Even soap and disinfectant have to be imported by most countries. 78 countries impose tariffs on soap and 23 impose tariffs on disinfectants. This is crazy in present circumstances.
The G20 should decide that all barriers to trade in goods, including soap, that the World Customs Organization (WCO) has said are critical to fighting the virus, should be removed straight away.
The EU should abolish its own export authorisation system for ventilators because it will slow down production and cost lives, especially in the poorest countries of the world.
The G20 also needs to consider the longer term economic effect of the shut down in global economic activity.
Big countries with big tax bases can protect themselves and their firms. Germany has introduced a big package of aid for German firms. But an Italian firm, producing the same product as a German firm, may not get the same aid as its German competitor, and this could destroy the level playing field of the EU Single Market.
No country derives as much benefit proportionately as Ireland does, from the existence of fully fair and open EU Single Market. So Ireland should support EU coordination of all business supports to ensure that all firms, whether from big or small countries, can compete fairly.
The ECB has taken welcome steps to help Italy, and other heavily indebted countries, that have been hit by the virus, to borrow at reasonable interest rates.

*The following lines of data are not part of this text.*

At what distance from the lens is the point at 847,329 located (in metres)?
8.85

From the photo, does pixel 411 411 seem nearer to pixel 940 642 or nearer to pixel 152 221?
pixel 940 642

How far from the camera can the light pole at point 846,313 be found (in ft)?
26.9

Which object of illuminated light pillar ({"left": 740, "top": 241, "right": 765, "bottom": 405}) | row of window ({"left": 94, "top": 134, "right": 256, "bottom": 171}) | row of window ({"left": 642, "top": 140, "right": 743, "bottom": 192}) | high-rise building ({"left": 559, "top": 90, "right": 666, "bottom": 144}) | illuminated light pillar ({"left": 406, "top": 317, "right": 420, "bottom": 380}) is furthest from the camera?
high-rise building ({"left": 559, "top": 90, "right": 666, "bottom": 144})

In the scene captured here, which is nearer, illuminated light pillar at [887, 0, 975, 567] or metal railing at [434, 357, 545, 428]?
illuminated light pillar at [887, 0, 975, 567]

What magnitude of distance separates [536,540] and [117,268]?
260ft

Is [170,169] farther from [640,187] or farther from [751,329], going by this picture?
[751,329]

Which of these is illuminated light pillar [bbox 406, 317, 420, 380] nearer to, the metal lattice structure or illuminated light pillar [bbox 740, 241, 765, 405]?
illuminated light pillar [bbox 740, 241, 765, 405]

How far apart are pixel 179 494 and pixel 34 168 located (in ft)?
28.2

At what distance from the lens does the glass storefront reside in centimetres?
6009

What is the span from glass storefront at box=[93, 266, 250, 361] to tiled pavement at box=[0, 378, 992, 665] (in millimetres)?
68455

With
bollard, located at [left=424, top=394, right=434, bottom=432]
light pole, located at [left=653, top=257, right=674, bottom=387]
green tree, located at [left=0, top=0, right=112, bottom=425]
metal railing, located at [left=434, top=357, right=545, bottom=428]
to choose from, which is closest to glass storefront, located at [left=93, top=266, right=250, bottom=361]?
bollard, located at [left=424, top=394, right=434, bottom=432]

But that simply adds to their debts.
Collective EU action, financed by collective EU borrowing, in support of particular health related spending should be undertaken. At the moment, the EU can neither raise taxes nor borrow, and that means it is unable to cope with crises like this one.
I propose
- the immediate elimination of all tariffs and restriction on the export or import of good identified by the WCO as vital to fighting Covid 19;
- a mutual assistance programme to help countries with the greatest shortage of equipment and intensive care beds;
- the exemption of medical staff, who have been tested, from immigration restrictions to allow them go where they are most needed.
John Bruton is former Taoiseach (Prime Minister) of Ireland and EU Ambassador to the United States.